"Traders will probably be shaking off the doom and gloom of the last couple of weeks and starting the year fresh and with a better perspective," says Paul Vaillancourt, executive vice-president of private wealth at Calgary-based Fiera Capital.
On the Toronto Stock Exchange, the mood improved early as the TSX rebounded to a triple-digit gain on Friday after closing out 2014 with a small decline on Wednesday.
The TSX ended 2014 in positive territory, up seven per cent overall, although down from its highs of the year and an almost 10 per cent advance in 2013.
On Friday, the S&P/TSX composite index finished the first trading day of the year up 121.21 points at 14,753.65.
Vaillancourt said that a lot of what will be driving equity markets in 2015 is an anticipated strong performance from the U.S. economy, which seems on track with its recovery. This will likely lead to a similarly positive showing in the Canadian economy and may be enough to offset the plunge in crude prices, should it continue.
"The U.S. economy is going to continue its strong leadership and our view is that Canada will benefit on the export side, clearly not the energy export side, but manufacturing and so on," he said. "(Traders realize low oil) is not the end of the world."
New York markets, although down slightly on Friday to start the year, also finished 2014 on the plus side, with the Dow ringing out 2014 up 7.5 per cent year over year, the Nasdaq finishing 13.4 per cent higher and the S&P 500 up 11.4 per cent.
Markets advanced last year even as the U.S. Federal Reserve wrapped up its massive program of buying bonds — a program that has helped keep interest rates low and been a huge aid in the recovery of stock markets since the 2008 financial collapse.
Investors have come around to accept that the Fed will move to start hiking rates, likely around the middle of 2015. However, traders will take note of Fed minutes being released Wednesday from the central bank's last meeting on Dec. 16-17. They will be looking for additional assurance that the Fed will continue to exercise patience as to the timing of its rate hike.

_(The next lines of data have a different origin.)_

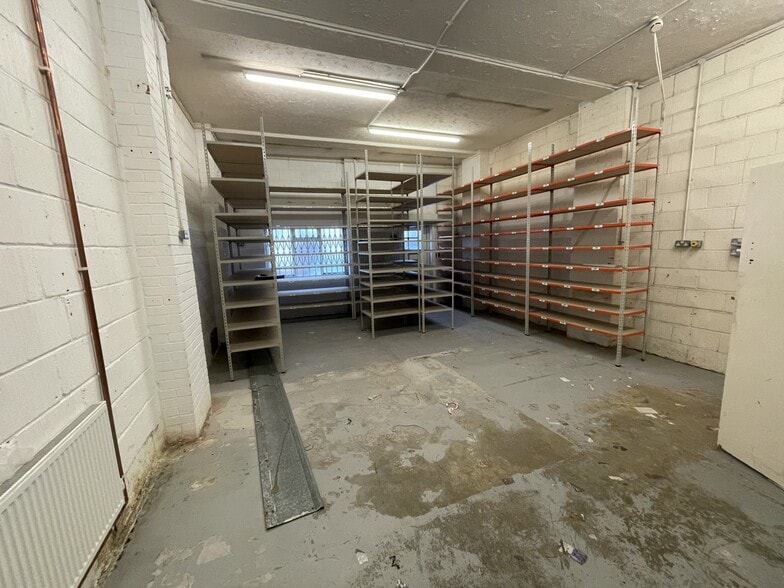 Sebastopol Rd, Aldershot to rent - Building Photo - Image 3 of 4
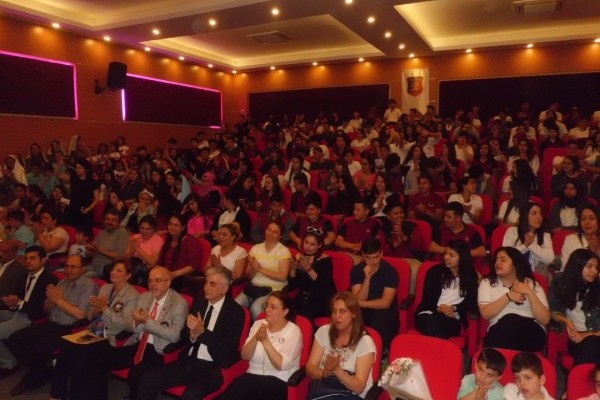 Antakya Defne Rotary Kulübü Rotary okulları buluşturuyor projesi kapsamında,Gümüşgöze okulu ve Kazım Karabekir öğrencilerinden olan gösteri ekiplerini Defne Kolleji öğrencileriyle buluşturdu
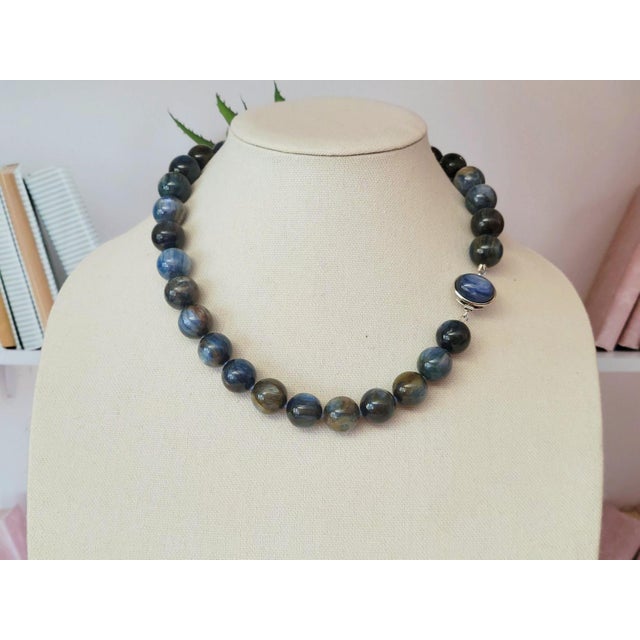 Blue Kyanite Beaded Necklace With Sterling Silver Kyanite Clasp For Sale - Image 4 of 8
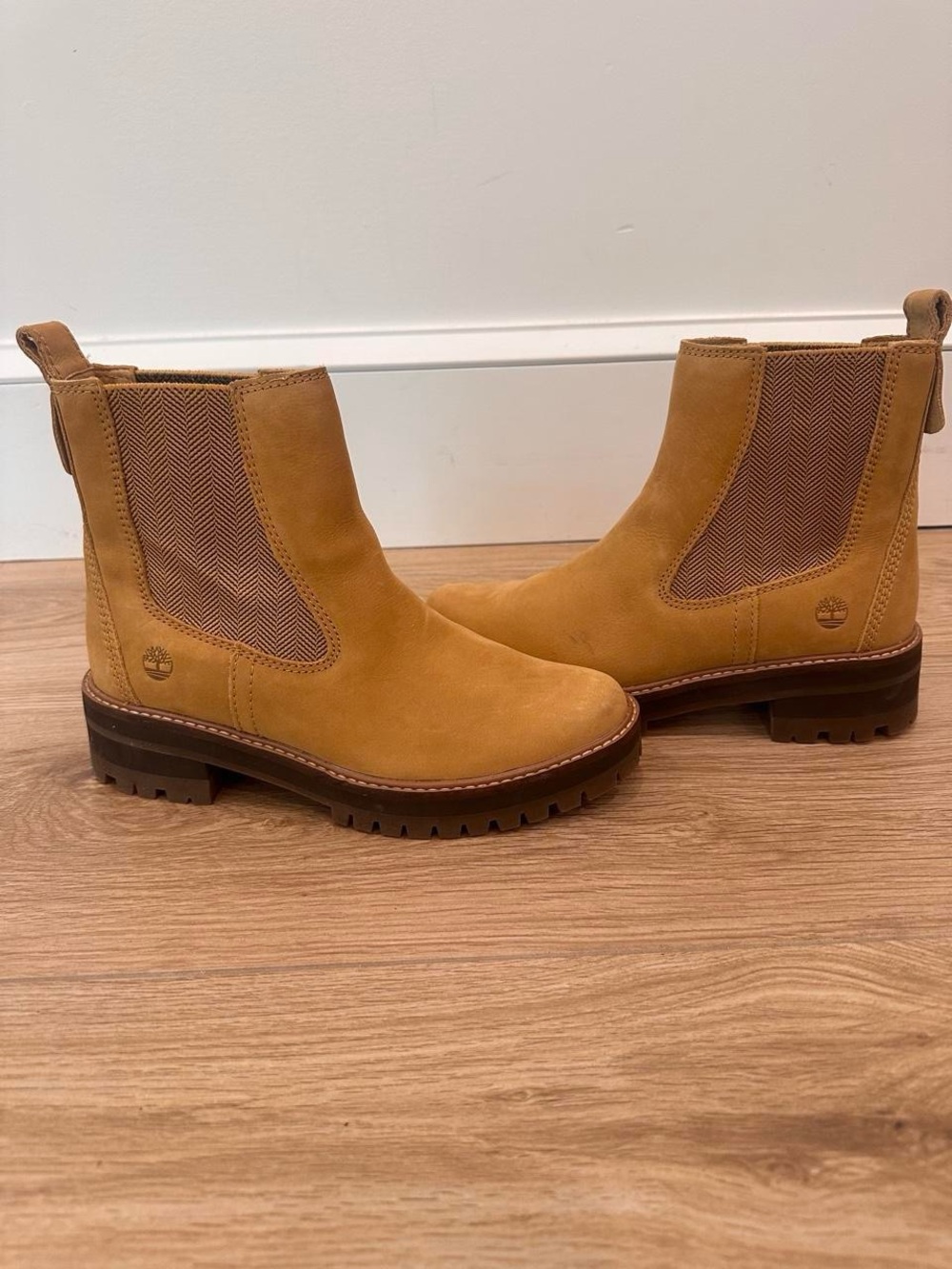 Timberland Women's Wheat Nubuck Chelsea Lug Boots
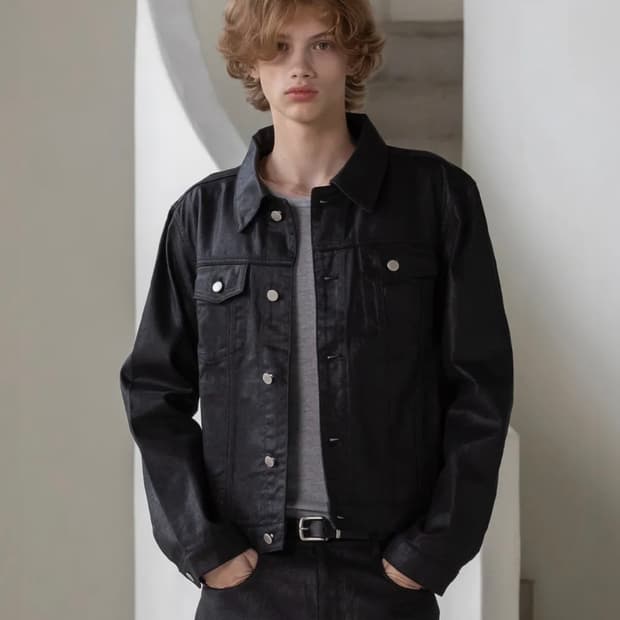 데꼬로소 코팅 데님 트러커자켓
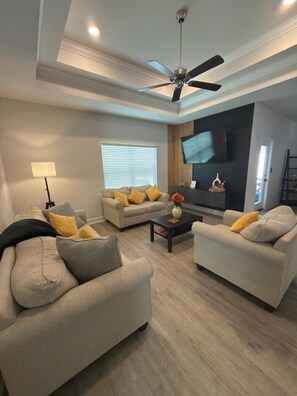 TV connectée, baby-foot, table de tennis de table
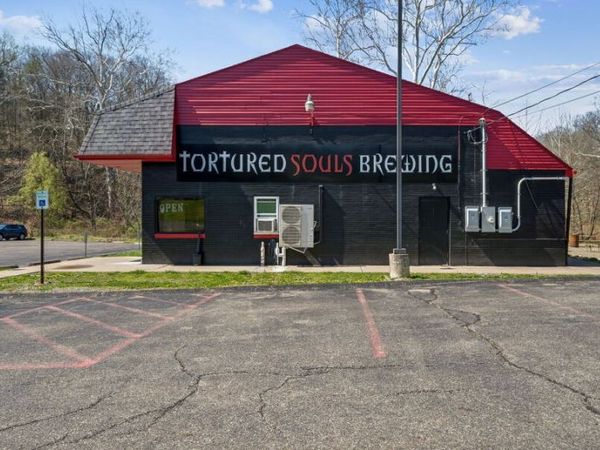 715 Craigdell Rd , New Kensington, PA 15068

Even more importantly, they will look to the latest U.S. jobs data for December for signs that employment growth remains strong, helped by crude oil prices which have fallen more than 50 per cent in recent months.
"What we're assuming is that job growth will remain resilient as lower oil prices ignite additional hiring in other sectors of the economy," said an analyst note from Scotiabank Global Economics.
Vaillancourt said if traders get the data they want, markets will likely continue to lift.
"The bottom line is that we'll see a continuation and confirmation of what we've been seeing: pretty solid velocity for the U.S. economy not only as it translates to Wall Street, but also to Main Street," he said.
Crude prices will remain a big story in 2015, as oil prices have continued to slide towards fresh five-year lows. In June, oil was as high as US$107 a barrel, but has since tumbled more than 50 per cent due to low demand and a global oversupply. On Friday, the February crude contract on the New York Mercantile Exchange was down 58 cents at US$52.69 a barrel.
Vaillancourt said it's difficult to predict commodity prices due to potential geopolitical risks that don't always hinge on supply and demand. Regardless, he expects oil to climb back to at least US$70 a barrel in 2015.
"That's where we could see things levelling out in the new year," he said.
In Canada, a slew of economic data will also be released including the new housing price index due out Thursday and the latest housing starts and building permit figures set for release on Friday.
"This trio of housing reports is expected to show the sector is still in decent shape," said a commentary by BMO Capital Markets.
There will also be the latest employment figures from Statistics Canada out on Friday, with analysts expecting to see an addition of 10,000 jobs in December.